Si cammina nel vento, sull’alta via o un 4000, poco importa. E’ il vento forte che svuota, confonde il passo o il lancio della corda. Entra dentro, pulisce, porta via. Si cammina con il vento.
Passa il tempo, passo dopo passo e non passa questa nebbia che stringe il cuore, appassisce la speranza. La nebbia che benda gli orizzonti, oscura passaggi scoscesi e ci lascia soli sulle pendenze angosciose d’erba e roccia. Un’orzata di ovattata avventura, di taciturna paura.


Il bambino cresciuto ha comprato i ramponi. Procede dove le montagne crescono, nei passaggi dove l’appennino annuncia l’alpe. Ghiaccio, la scoperta di modi nuovi della montagna.
La neve fa liscio il monte, allora lo sguardo sale la pendenza, là dove anche la vita sembra scivolare. Ma l’esistenza di nutre di punti di vista diversi, per non precipitare.

L’esperienza straniante di piccole tacche che reggono il peso e l’aderenza è una scoperta che attraversa il rinvio di una fune, si avvolge nelle spirali di un barcaiolo, di un otto ripassato. Sulla verticale di roccia le voci sono segnali: molla tutto, libera, salgo! E’ ancora montagna, siamo ancora noi.


Certe cose non si fanno da soli, perché ormai lo sappiamo, abbiamo bisogno di aiuto e compagnia. Allora un’idea prende forma nel rapporto con altri, si traccia un percorso, un rifugio, una guida per arrivare dove non torneremo più.
Possiamo andare distante e non dimenticare da dove veniamo. Da quelle salite di neve, tra la galaverna dei pini piegati dal vento. Fino in cima, per girare sui piedi tra l’erba gelata e dare respiro allo sguardo; sull’orizzonte mediterraneo esploso di luce, nella tramontana che spinge. E’ lì che domandiamo chi siamo: gente di mare o di montagna?
Forse è il richiamo dell’acqua, forse la fedeltà ad un senso profondo di disobbedienza che ci ha portato a cercare, tra i monti, le strade liquide dei torrenti. Dalla foce alla sorgente, contro la corrente del tabù interiorizzato: “non bagnarti i piedi, non andare nelle pozzanghere!”.

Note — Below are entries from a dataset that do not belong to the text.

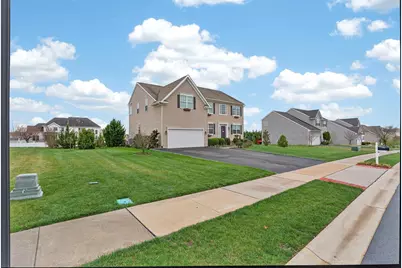 1105 Cardigan Road, Middletown, DE 19709 - Photo 47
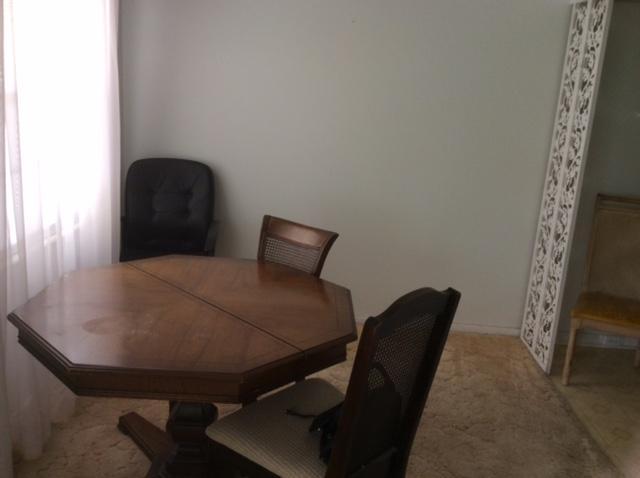 240 Preston F Unit 240, Boca Raton, FL 33434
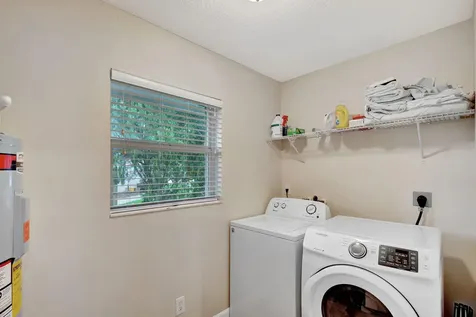 13814 Yarmouth Drive Wellington FL 33414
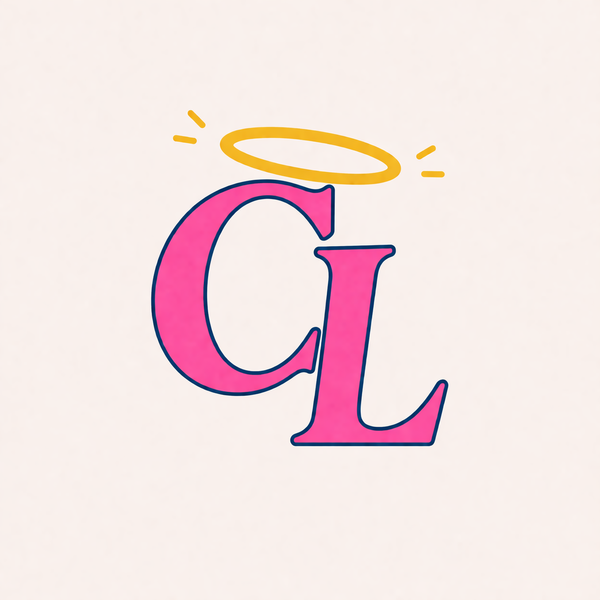 Club Legacy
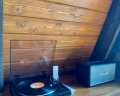 Chalet De Cuvee: отзыв от Diana Khutorskaya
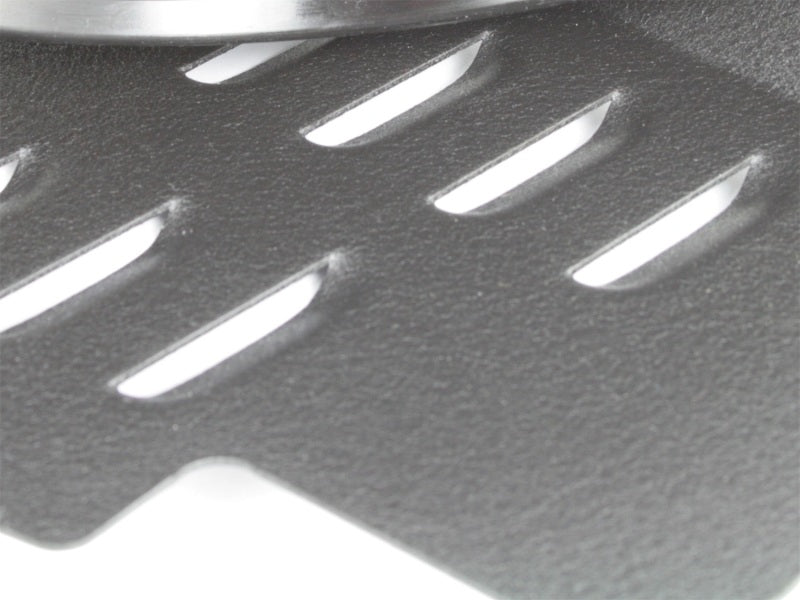 aFe Magnum FORCE Stage-2 Pro 5R Cold Air Intake System: Dodge Diesel Truck 54-11342-1 Photo - Unmounted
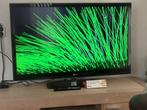 SMART LG LED TV 50” inch/Full HD 1080., Ophalen, LED, 50 Hz, Zo goed als nieuw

Risalire, incontro alla corrente, a cercarci questa volta nelle forre, dove l’acqua si fila, gorgoglia dove si nasconde il capelvenere.
Qui ritrovo il bambino, esperto nei passi e curioso di scoprire il dopo, che celano i risalti, che promettono le anse. Da un laghetto a una pignatta, si passa dalla luce all’ombra e ancora, ancora, e dopo, e dopo?
Il torrente è acqua e cielo riflesso, è roccia e sabbia, è natura e storia umana che parla la lingua dei ponti, dei coltivi, delle teleferiche e delle auto precipitate. Una lingua da imparare, come abbiamo imparato a camminare, a procedere sul ghiaccio, a salire sulla roccia. Così prima impariamo ad entrare nell’acqua, poi nella schiuma.
Si è fatto tardi, mentre l’erba cresceva anche il ghiacciaio invecchiava con noi. Allora nell’alba stupefacente sulla vetta del Tenibres cerchiamo gli amici, quelli che non salgono più, quelli perduti.
E’ il tempo in cui si pensa alle montagne su cui siamo stati, di cui non ricordiamo i nomi, quelle su cui non andremo. Si pensa a ciò che sublimiamo in questo sforzo di andare ancora, per parare da qualche parte. Intanto là sotto si addensano altre nubi e sono tante quelle a cui siamo già sfuggiti. 
Se li mettiamo in fila, tutti questi passi, dove arriviamo? Sulla luna o all’orizzonte o in quel paese onirico dove ogni tanto ritorniamo. Luoghi da cui guardare indietro, perché ci sono età in cui la montagna è ricordo di muschi volati dai tetti, epifania di mondi e di presepi dismessi. Luoghi però da cui ancora guardare avanti, perché ora siamo noi un passo indietro a quel bambino e scopriamo che nella forza di allora convivevano gioa e preoccupazioni; scopriamo che c’erano, e ci sono, cose importanti da raccontare, da disegnare, da indicare e condividere, valori da trasmettere in quelle gambe giovani che vanno già per la loro strada.